Hundreds of Northwestern students protest racial mistreatment of maintenance worker
Northwestern junior Jay Jordan (center) and senior Justin Clarke (right) lead a march from the Northwestern Technological Institute in Evanston to call attention to recent incidents on campus of alleged racial discrmistreatment. | Ryan Pagelow~Sun-Times
Updated: April 8, 2013 6:15AM
EVANSTON — Several hundred Northwestern University students staged a walk-out and march Thursday, protesting perceived acts of racial mistreatment on campus, including an allegation filed by a black maintenance worker.
Students gathered in front of the school’s Technological Institute and marched down Sheridan Road chanting “Hey, hey, ho, ho, racism has got to go!”
A trigger point, students said, was the treatment of Michael Collins, a facilities maintenance worker with the university.
Collins, the only black among 50 in his department, has alleged mistreatment, including having hot coffee dropped on him, and finding a stuffed black bear hanging from a noose at his desk after he “de-friended” a white co-worker on Facebook.
Collins was at the rally, but said he couldn’t speak on the advice of an attorney. He is scheduled to have his case heard by the Equal Employment Opportunity Commission next week.
“Students hope to raise awareness first of all what happened to Collins,’’ said Sandra Garnica, one of the organizers of the event. “We’re also trying to correlate that this just isn’t an isolated event. This is a long history.”
At the protest, students charged that there have been seven major racial events on campus.
They included a “Beer Olympics” party held by white students with racist costumes; two Asian-American women harassed by egging and racial slurs; and a racially offensive article on affirmative action was published.
Garnica said a main reason, though, was what occurred to Collins. On Dec. 5, Collins walked into his office and “found his black bear lynched right next to his desk,” said Garnica.“This was the tipping point for Michael as he has been dealing with racism all the five years he has been working at Northwestern.”
She said students didn’t hear about the incident until January, because Collins, unsuccessfully tried to take his concerns through “channels.”
Garnica said sponsoring groups included For Members Only, a black alliance group on campus; Alianza, the university’s Latino-Hispanic group; an Asian-American organization and students just walking out of classes.
“I heard there were just random students walking out, and that’s just great,’’ she said.
Asked about student concerns Thursday, Alan Cubbage, a spokesman for the university, said that the university has conducted “a very thorough” investigation of the Collins case.
Because the matter is a regarded as an internal personnel issue, he said the university couldn’t release details at this time of the investigation’s findings.
“I think it’s accurate to say Northwestern does truly strive to be a place that is welcoming and inclusive and a diverse community,” Cubbage said.
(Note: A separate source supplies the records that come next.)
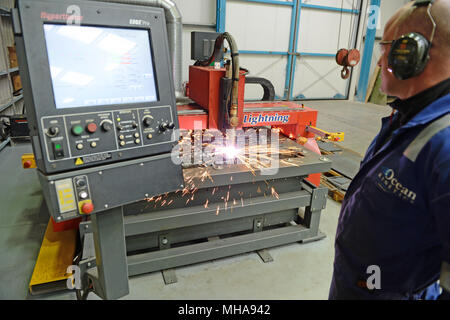 Mann bei der Arbeit auf einer metallenen Plasmaschneidemaschine in einer Werkstatt Stockfoto
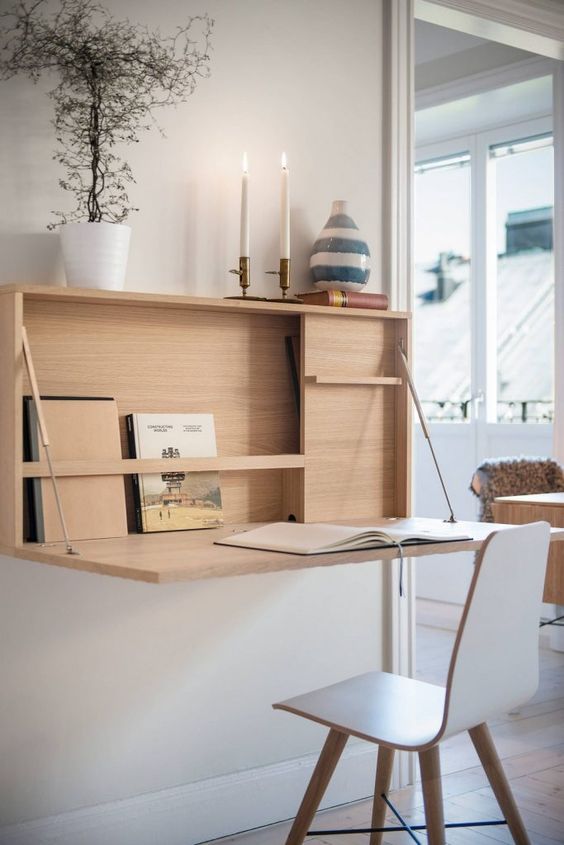 una scrivania minimalista a parete con spazio di archiviazione all'interno, alcune candele e una superficie della scrivania che può essere nascosta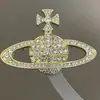 Exquisito Broche de Saturno con Pedrería de Aleación, Lujo Accesible, Gama Alta, Corsage de Diseño Personalizado, Joyería Elegante de Moda y Versátil para Mujeres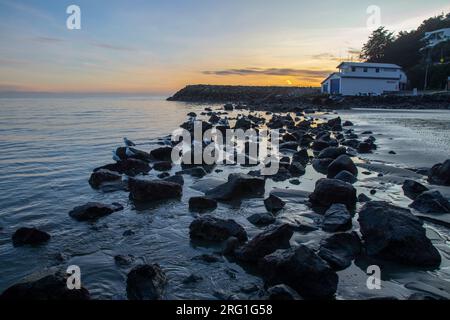 Sumner Beach à Christchurch , Nouvelle-Zélande , où le soleil se couche sur l'océan pacifique Banque D'Images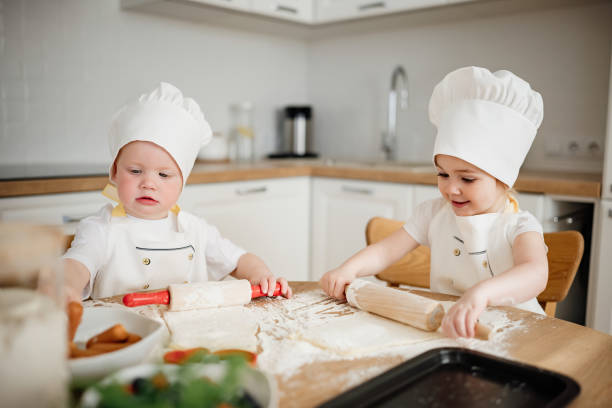 istock Adorable kids in chef hats and aprons rolling out pastry dough 1629778338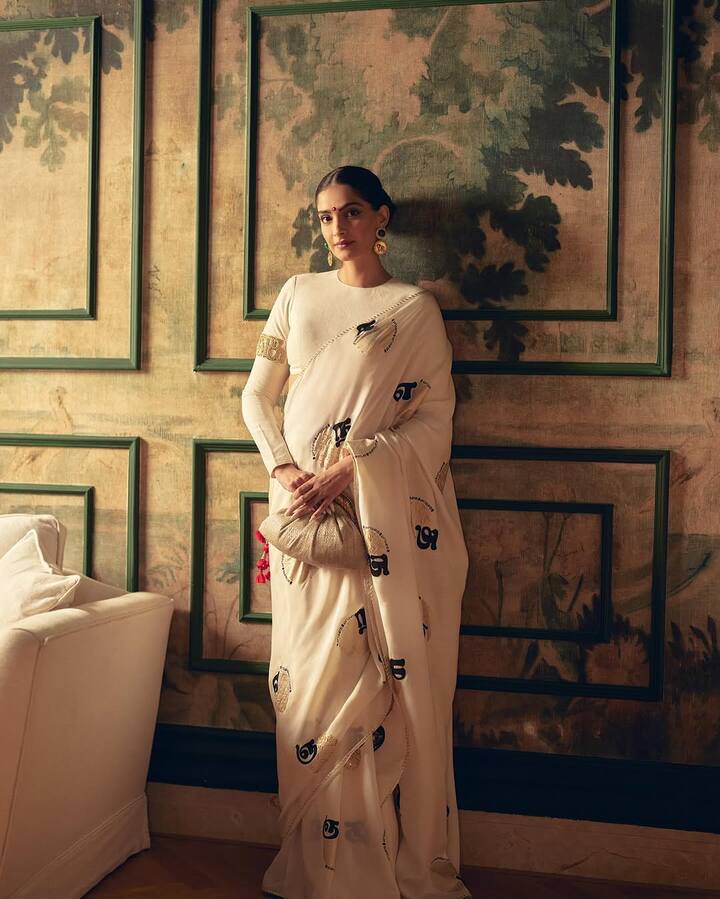 सोनम कपूर की स्टाइलिस्ट रिया कपूर ने हाल ही में इवेंट से एक्ट्रेस के लुक की फोटोज इंस्टाग्राम पर शेयर की हैं. उनकी ऑफ व्हाइट साड़ी पर तमिल स्क्रिप्ट प्रिंट है.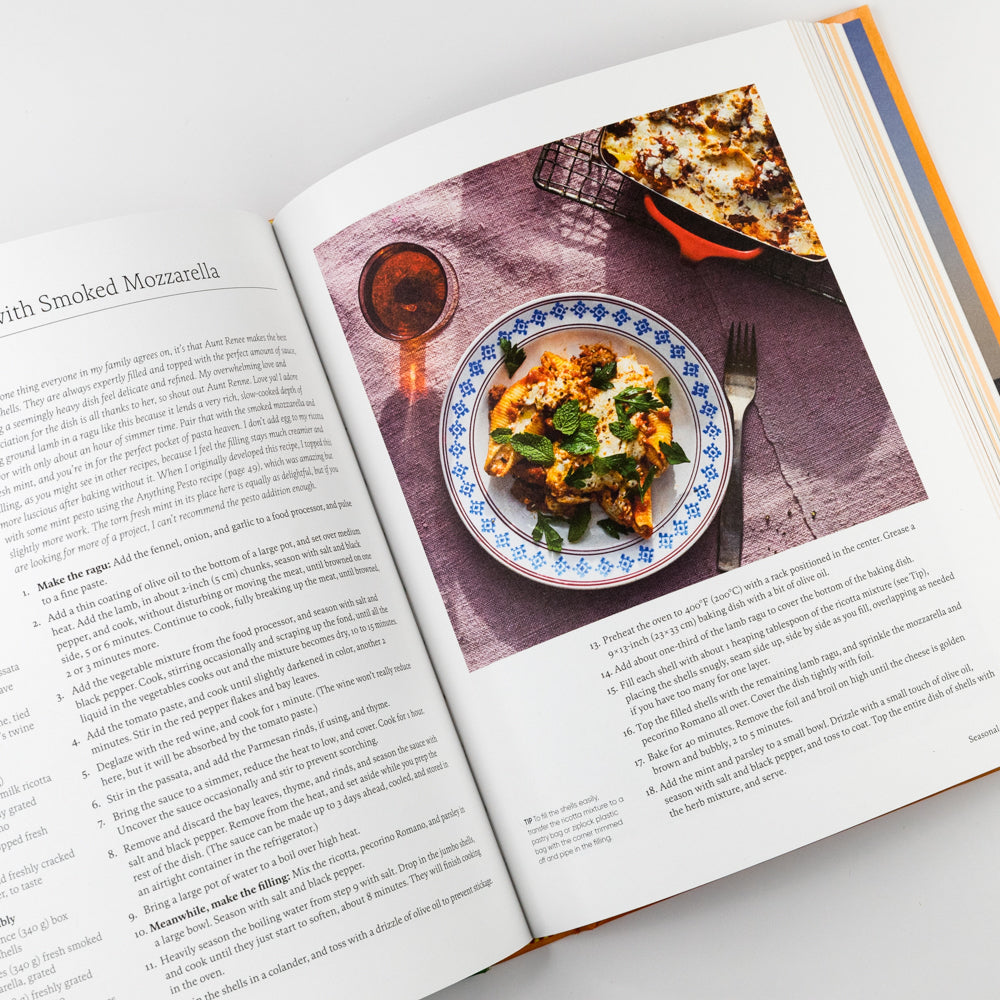 Book titled 'By Heart' with colorful illustrations on an orange background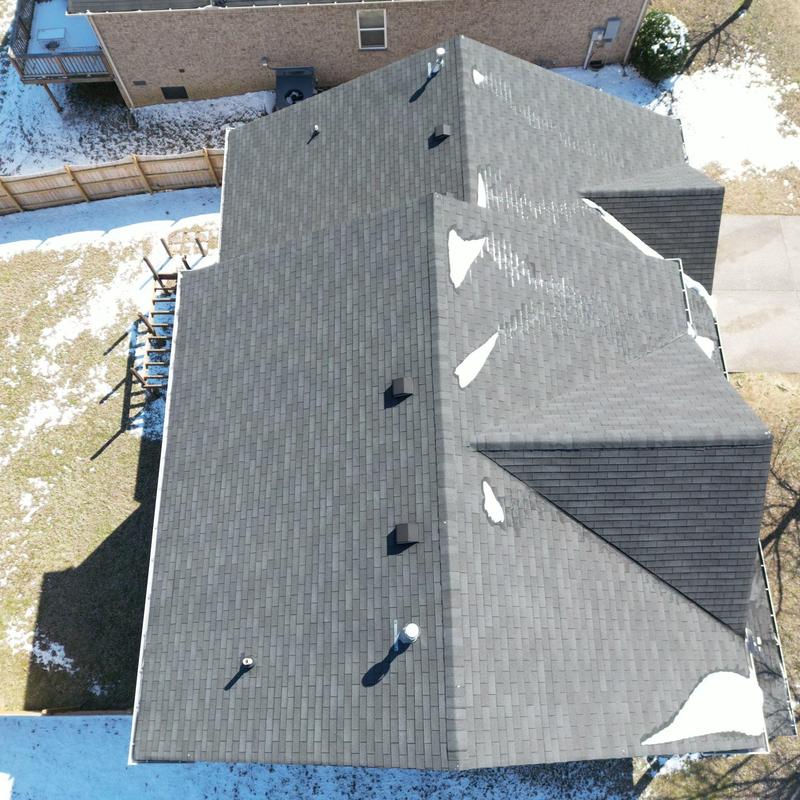 Asphalt shingle roof with hail damage patches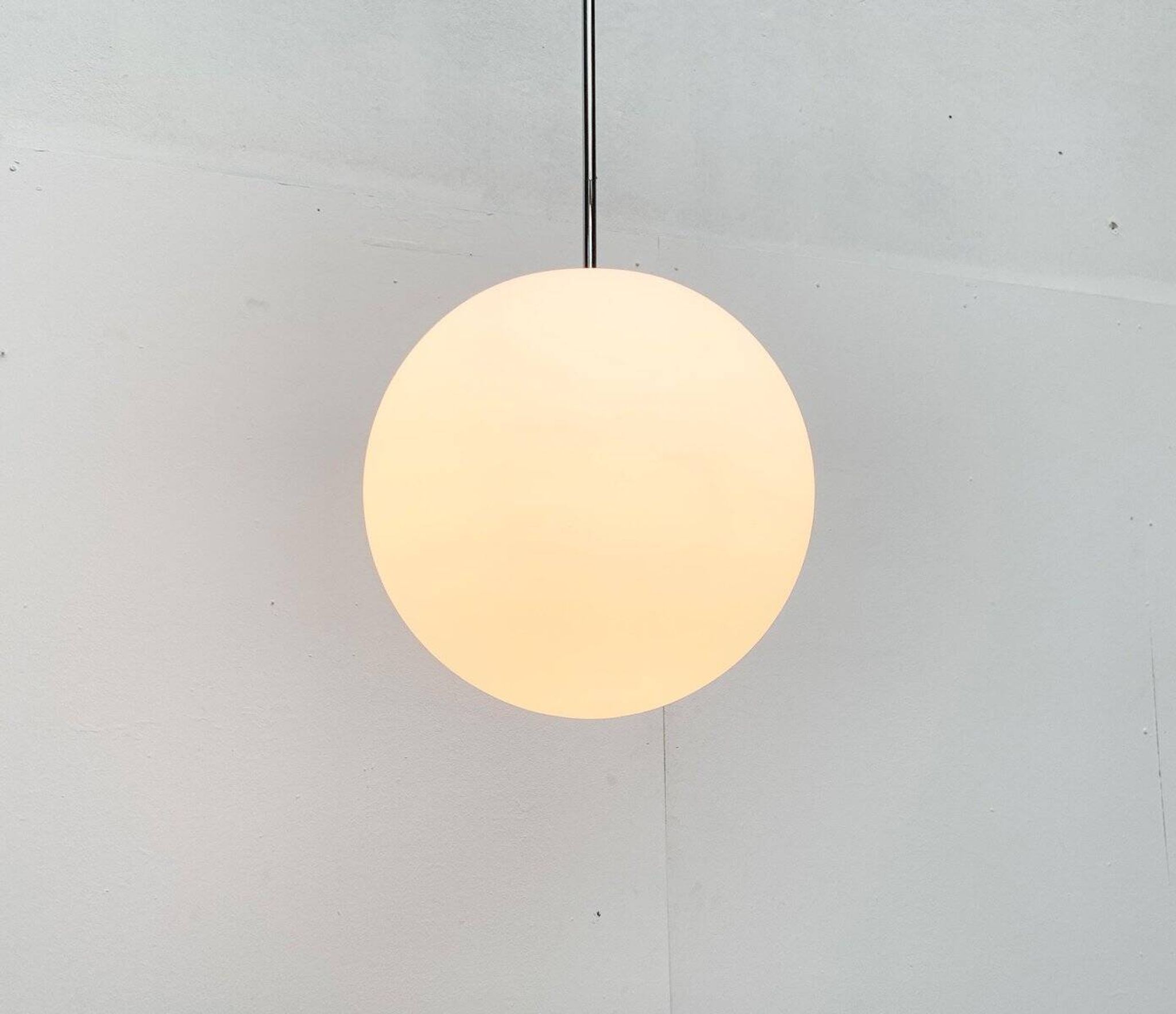 Vintage German space age glass ball pendant lamp by Limburg.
It’s a goal toward which “I think we’ve made strides and going to continue to make strides.”
Sergio Alvarez, with Hispanic Northwestern Alliance, said the group feels “the need to support the members of our community, whether they’re workers, students, it doesn’t matter. It was a very malicious act and as students we will not stand for it.”
Another marcher, Tracey Gibson-Jackson, who works in the student activities office, said she has had a good experience in her job.
On the other hand, “You never want to hear anyone being discriminated against in the work place, a place you come to every day. So I’m just hoping the university will have a really good response, looking into everything, and justice will prevail.”
About the diverse turnout, she said, “This is what community is. This is what you’re supposed to be. When one person in your community is disrupted it should affect all of us. That’s why we’re here.”
Meanwhile, Garnica said the groups behind the march hope to hold internal talks within the Northwestern community on the issues, and “also continue the dialog outside.”